Problem to work on:
Pictures aside, restate the records below exactly as written.

Entries supplied:
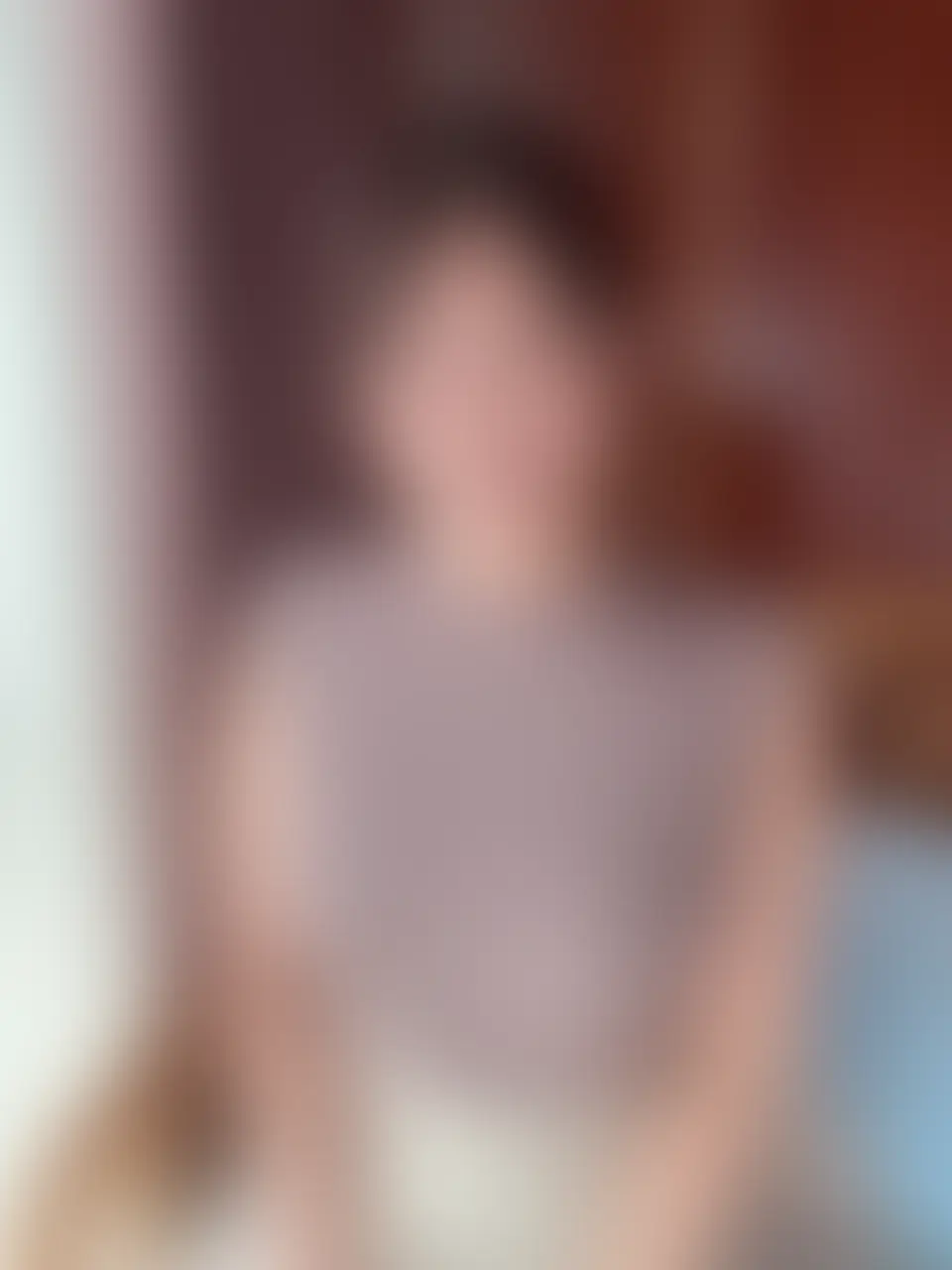 【顔出し版】貪欲オホ声♡騎乗位えっちでビクビク潮吹き

こちらはらぶプランの顔出し版です🫶
口元まで見えるだいすきプランの動画はこちら⤵︎
https://myfans.jp/posts/a8965c86-be47-4d25-85a1-e2ee9fbe6023

今日は前回のランジェリーの続き、
㊙ディルドオナニー編ですっ✨

前回あんなに沢山イッたのに
やっぱり中にも硬いのが欲しくなってしまい
透明のディルドを使って…

ぺろぺろ…
じゅぼじゅぼ…

私はバイブとかのオモチャも好きだけれど
やっぱりおちんちんの形のディルドが一番好きかも…

はいった瞬間に
「ああ、おちんちんだぁ…」って思います
（語彙力が💦でも伝わるかなぁ）

最後はガーターだけを身につけて
騎乗位で自分の気持ちいいところを
刺激しながらまた沢山イッてしまいました

なーなとまるで擬似えっち♡
みたいに見てもらえたらいいな🙈

フル22分♪
だいすきプラン→口元・雰囲気まで
らぶプラン→鼻周りだけ少しぼかしていますがほぼ顔出しです♡

途中から声が余裕なくて
少しオホ声になっててごめんなさい💦
あんまり可愛くないけど
一緒にたくさんえっちしてる気持ちに
なってもらえたら嬉しいです/// (2/2)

Task answer:
 【顔出し版】貪欲オホ声♡騎乗位えっちでビクビク潮吹き

こちらはらぶプランの顔出し版です🫶
口元まで見えるだいすきプランの動画はこちら⤵︎
https://myfans.jp/posts/a8965c86-be47-4d25-85a1-e2ee9fbe6023

今日は前回のランジェリーの続き、
㊙ディルドオナニー編ですっ✨

前回あんなに沢山イッたのに
やっぱり中にも硬いのが欲しくなってしまい
透明のディルドを使って…

ぺろぺろ…
じゅぼじゅぼ…

私はバイブとかのオモチャも好きだけれど
やっぱりおちんちんの形のディルドが一番好きかも…

はいった瞬間に
「ああ、おちんちんだぁ…」って思います
（語彙力が💦でも伝わるかなぁ）

最後はガーターだけを身につけて
騎乗位で自分の気持ちいいところを
刺激しながらまた沢山イッてしまいました

なーなとまるで擬似えっち♡
みたいに見てもらえたらいいな🙈

フル22分♪
だいすきプラン→口元・雰囲気まで
らぶプラン→鼻周りだけ少しぼかしていますがほぼ顔出しです♡

途中から声が余裕なくて
少しオホ声になっててごめんなさい💦
あんまり可愛くないけど
一緒にたくさんえっちしてる気持ちに
なってもらえたら嬉しいです/// (2/2)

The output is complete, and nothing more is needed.